Les quartiers d’affaires des grandes villes sont les endroits qui ont été les plus durement touchés par les perturbations économiques qu’a causées la pandémie de COVID-19 au Canada. Au moment où les campagnes de vaccination battent leur plein, plusieurs s’interrogent sur la forme que prendra la reprise économique dans nos centres-villes.

Le télétravail, utilisé comme mesure d’adaptation, entraînera-t-il la transformation permanente de certaines habitudes de vie et réduirait-il la demande d’espace dans les tours de bureaux ? Doit-on s’attendre à un déclin de la prédominance des centres-villes dans l’économie canadienne au cours des prochaines années ? Pour répondre à ces questions, tentons d’abord de comprendre le rôle des centres-villes dans l’économie.

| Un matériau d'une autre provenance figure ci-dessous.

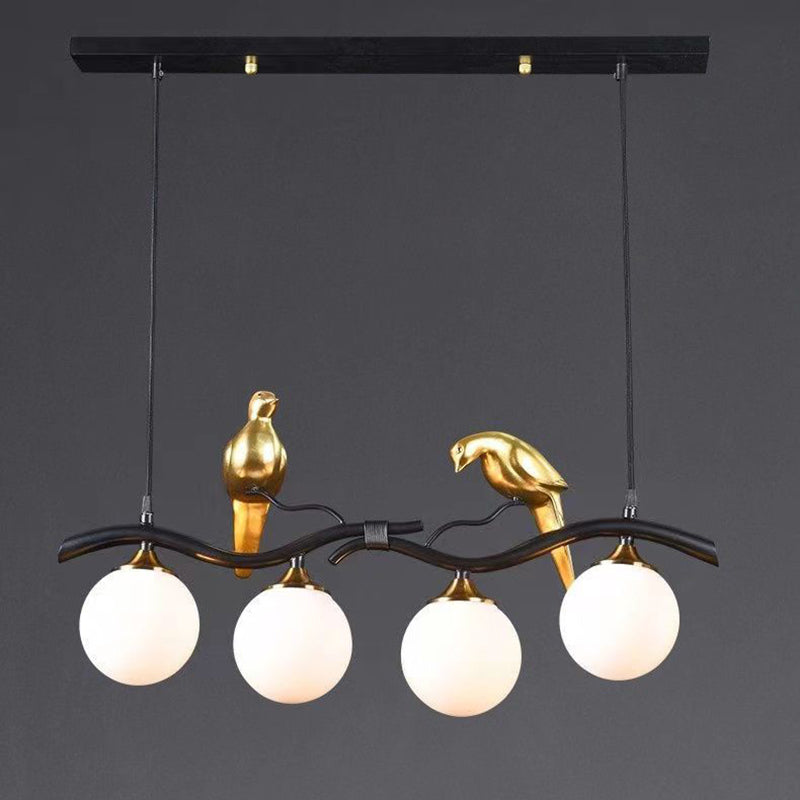 Contemporary Creative Bird Sphere Iron Glass Resin 4-Light Chandelier Island Light For Living Room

Les économies d’agglomération

Le fait de concentrer l’emploi dans un centre d’affaires ne relève pas seulement d’une mode : les entreprises sont prêtes à payer des loyers élevés pour accéder à des locaux de choix au cœur des villes parce qu’elles en retirent des avantages qui s’apparentent à des économies d’échelle. Ces avantages ne sont pas propres à la production d’une seule entreprise, mais à l’ensemble des établissements situés en un même endroit. Que les entreprises aient de petits ou de gros volumes de production, la proximité les unes des autres leur profite. Cette concentration géographique des moyens de production engendre ce qu’on appelle des « économies d’agglomération ».

Les cœurs des grandes villes ne sont pas seulement des lieux très productifs, ce sont aussi des endroits très accessibles. Les réseaux structurants de transport, comme les routes ou les systèmes de transport en commun, sont généralement construits de manière à renforcer leur centralité. Même dans une ville très décentralisée qui a plusieurs centres d’activité, le point dans l’espace qui minimise les déplacements se trouve généralement près du centre-ville. Les emplacements centraux favorisent l’accès à leur lieu de travail pour les travailleurs et à la main-d’œuvre pour les entreprises.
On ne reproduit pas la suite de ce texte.